Nymboida landmarks under review

THE futures of two of Nymboida's landmark attractions, the canoe centre and hydro-electric power station are looking shaky.

Last week signs near crossroads at South Grafton directing traffic to the canoe centre were taken down, although who is responsible is not clear.

Clarence Valley mayor Richie Williamson said the low water flows in the Nymboida in recent months would make operating the canoe centre impossible.

The canoe centre operates on Goolang Creek, which can only produce viable flows when water from the Nymboida River is released through the power station.

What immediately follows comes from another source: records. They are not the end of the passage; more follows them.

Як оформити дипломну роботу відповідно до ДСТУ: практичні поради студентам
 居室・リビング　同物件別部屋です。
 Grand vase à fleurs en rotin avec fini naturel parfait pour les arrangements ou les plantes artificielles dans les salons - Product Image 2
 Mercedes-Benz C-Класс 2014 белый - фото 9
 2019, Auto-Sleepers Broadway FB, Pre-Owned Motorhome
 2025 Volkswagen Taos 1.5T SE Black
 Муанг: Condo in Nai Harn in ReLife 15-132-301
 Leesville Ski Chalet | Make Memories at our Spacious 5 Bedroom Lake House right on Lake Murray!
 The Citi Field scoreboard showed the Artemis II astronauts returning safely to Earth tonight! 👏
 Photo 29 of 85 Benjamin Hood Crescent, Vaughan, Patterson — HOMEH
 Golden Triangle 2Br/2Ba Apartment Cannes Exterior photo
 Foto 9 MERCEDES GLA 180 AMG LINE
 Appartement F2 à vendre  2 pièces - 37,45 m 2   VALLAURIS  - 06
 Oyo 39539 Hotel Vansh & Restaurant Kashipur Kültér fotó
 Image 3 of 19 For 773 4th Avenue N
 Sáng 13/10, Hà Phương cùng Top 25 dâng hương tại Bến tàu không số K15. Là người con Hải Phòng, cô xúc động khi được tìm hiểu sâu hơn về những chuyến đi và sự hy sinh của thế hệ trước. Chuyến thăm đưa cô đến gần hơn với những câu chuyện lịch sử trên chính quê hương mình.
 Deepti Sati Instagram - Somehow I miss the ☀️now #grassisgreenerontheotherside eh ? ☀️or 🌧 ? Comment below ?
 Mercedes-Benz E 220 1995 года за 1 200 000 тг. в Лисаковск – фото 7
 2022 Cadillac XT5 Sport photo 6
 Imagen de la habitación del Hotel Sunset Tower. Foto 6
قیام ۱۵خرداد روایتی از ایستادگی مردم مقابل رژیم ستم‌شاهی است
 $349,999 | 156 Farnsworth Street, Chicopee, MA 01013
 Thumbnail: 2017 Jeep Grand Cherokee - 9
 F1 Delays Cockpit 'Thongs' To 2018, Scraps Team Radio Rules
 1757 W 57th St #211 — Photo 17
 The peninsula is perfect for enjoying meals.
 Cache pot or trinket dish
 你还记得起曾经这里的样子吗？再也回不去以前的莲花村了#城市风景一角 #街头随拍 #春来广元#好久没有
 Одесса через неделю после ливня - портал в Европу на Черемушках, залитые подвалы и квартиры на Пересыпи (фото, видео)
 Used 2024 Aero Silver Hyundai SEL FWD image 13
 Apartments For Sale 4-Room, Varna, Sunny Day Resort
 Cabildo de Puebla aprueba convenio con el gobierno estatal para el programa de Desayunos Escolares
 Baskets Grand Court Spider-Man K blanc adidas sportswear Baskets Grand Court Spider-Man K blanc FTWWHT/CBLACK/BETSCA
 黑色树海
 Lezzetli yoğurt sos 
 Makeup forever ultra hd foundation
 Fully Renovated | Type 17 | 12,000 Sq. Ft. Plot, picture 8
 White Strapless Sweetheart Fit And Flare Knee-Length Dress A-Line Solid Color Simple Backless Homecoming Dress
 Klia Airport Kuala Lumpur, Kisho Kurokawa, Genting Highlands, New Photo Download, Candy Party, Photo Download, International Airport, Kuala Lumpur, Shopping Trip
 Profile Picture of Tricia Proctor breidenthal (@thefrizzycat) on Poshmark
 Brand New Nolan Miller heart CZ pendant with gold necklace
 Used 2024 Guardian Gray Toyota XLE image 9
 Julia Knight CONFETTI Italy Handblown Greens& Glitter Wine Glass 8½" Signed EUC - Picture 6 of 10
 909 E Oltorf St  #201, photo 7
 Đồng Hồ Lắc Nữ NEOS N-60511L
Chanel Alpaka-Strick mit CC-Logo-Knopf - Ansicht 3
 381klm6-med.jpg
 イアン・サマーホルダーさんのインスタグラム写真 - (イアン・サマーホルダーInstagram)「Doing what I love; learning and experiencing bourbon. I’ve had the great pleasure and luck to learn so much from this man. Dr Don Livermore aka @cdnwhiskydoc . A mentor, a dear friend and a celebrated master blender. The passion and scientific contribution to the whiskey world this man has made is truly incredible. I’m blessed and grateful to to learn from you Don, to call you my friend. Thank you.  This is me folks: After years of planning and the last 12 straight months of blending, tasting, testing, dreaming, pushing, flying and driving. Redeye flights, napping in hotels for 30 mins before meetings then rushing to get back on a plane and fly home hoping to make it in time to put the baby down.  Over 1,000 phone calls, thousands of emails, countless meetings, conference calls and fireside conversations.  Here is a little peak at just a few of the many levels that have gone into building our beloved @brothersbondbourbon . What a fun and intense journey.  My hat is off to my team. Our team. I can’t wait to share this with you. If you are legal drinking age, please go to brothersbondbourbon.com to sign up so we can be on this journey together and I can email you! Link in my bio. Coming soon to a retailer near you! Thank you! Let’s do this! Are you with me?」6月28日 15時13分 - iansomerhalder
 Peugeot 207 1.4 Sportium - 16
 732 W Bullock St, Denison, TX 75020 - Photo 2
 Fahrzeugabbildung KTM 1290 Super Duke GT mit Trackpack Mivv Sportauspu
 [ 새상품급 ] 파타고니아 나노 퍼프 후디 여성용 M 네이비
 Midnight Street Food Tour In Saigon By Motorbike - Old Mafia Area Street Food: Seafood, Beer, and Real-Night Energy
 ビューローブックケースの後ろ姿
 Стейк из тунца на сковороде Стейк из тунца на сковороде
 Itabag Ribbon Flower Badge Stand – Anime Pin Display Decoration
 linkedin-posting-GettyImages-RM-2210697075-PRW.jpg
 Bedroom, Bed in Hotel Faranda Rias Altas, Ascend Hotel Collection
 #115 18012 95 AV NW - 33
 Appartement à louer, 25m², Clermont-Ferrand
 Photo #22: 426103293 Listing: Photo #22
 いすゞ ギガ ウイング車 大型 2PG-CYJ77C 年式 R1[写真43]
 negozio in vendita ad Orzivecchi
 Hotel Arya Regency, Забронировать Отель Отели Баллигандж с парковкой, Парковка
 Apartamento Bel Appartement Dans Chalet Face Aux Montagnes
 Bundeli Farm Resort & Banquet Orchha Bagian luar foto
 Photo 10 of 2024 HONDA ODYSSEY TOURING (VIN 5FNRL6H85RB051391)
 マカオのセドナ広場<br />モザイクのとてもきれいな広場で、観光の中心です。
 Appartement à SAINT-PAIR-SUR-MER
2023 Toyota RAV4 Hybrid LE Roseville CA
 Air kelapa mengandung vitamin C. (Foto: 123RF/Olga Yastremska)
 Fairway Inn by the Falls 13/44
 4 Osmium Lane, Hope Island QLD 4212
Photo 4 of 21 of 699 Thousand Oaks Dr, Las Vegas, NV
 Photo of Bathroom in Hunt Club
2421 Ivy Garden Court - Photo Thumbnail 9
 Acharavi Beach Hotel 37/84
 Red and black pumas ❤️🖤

However, the power station has not operated since May and owner Essential Energy is reviewing its commercial viability.

It is understood one of the key factors is its inability to attract green credits because of its age.

"The power station has to start producing electricity again," Mayor Williamson said.

"It's unbelievable today, with all the publicity about renewable energy sources that we have a hydro-electric power station not producing electricity."

The mayor said the Nymboida Canoe Centre was also a vital tourist attraction to the region, but understood the low water flows in recent months would work against it.

"Their activity is limited by the water flows, so it's difficult to see how they could operate unless we get some serious rain in the next few months," he said.

Cr Williamson said he had not heard anything about the removal of signage.

Essential Energy said its review could take around 12 months, but would continue an "environmental flow" of 10 megalitres a day down Goolang Creek.

"Essential Energy will continue to maintain an environmental flow of 10 megalitres a day for the ecology of the creek however we cannot increase the flow above this amount while the power station is out of operation."

The canoe centre's operations were dealt a blow earlier this year when floodwaters caused a bulkhead in the tunnel containing pipes to the power station to blow out.

A torrent of mud and debris was deposited in the creek damaging features on the canoe course.

Phone calls to the centre have not been answered.